Beefy Boxes and Bandwidth Generously Provided by pair Networks
Perl: the Markov chain saw
 
PerlMonks  

Count byte/character occurrence (quickly)

by james28909 (Chaplain)
on Apr 01, 2016 at 06:19 UTC ( #1159245=perlquestion: print w/replies, xml ) Need Help??
james28909 has asked for the wisdom of the Perl Monks concerning the following question:

I have this script I have written, which seems to work (or it seems to haha), but it is lacking in speed. For a 16 MB file it takes 9-10 secs for it to complete and I will need to use it on 256 MB files in the future.

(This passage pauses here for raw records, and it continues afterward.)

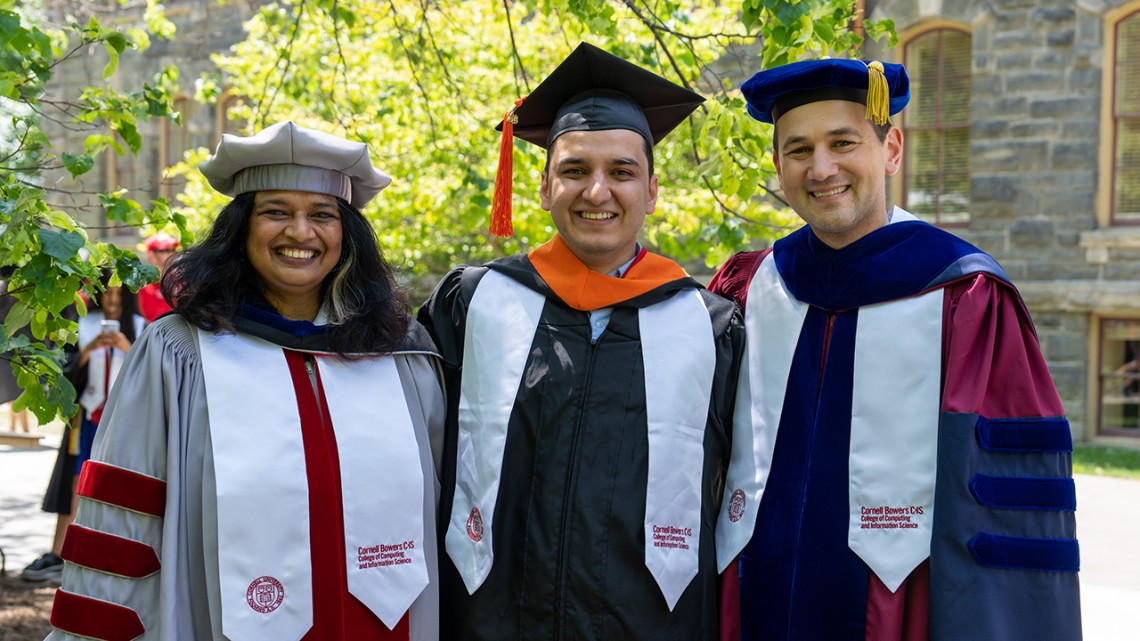 Three people - a dean, a student and professor - stand in graduation regalia.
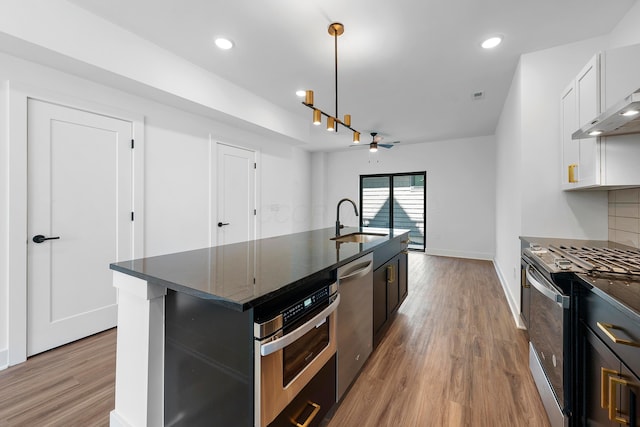 kitchen featuring ceiling fan, a center island with sink, a sink, light wood-style flooring, and stainless steel appliances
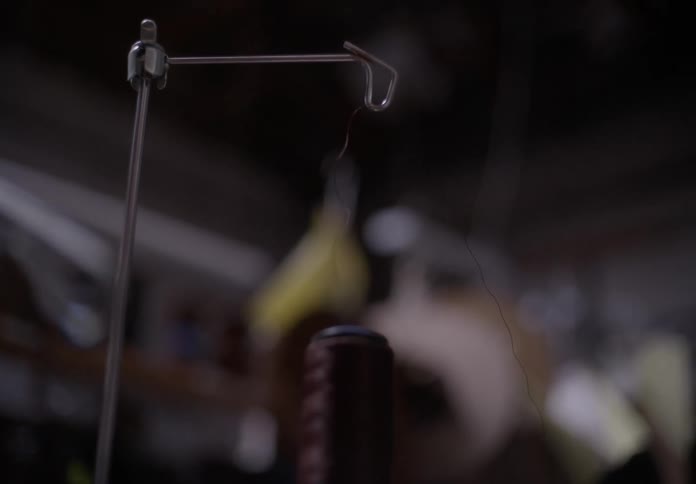 Closeup of a brown thread spool passing through a rod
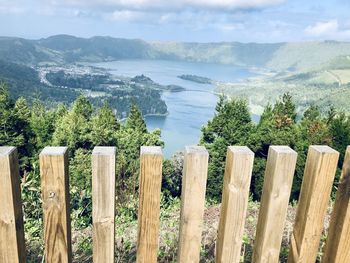 Panoramic view of wooden post and plants against sky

I was hoping I could get some help in speeding it up, if at all possible.
use strict; use warnings; open my $file, '<', shift; binmode($file); my %seen = (); while ( read( $file, my $buf, 1 ) ) { if ( !$seen{$buf} ) { $seen{$buf} = 1; } else { $seen{$buf}++; } } print "$_ - $seen{$_}\n" for ( keys %seen );
Any help in speeding this up would be much appreciated. :)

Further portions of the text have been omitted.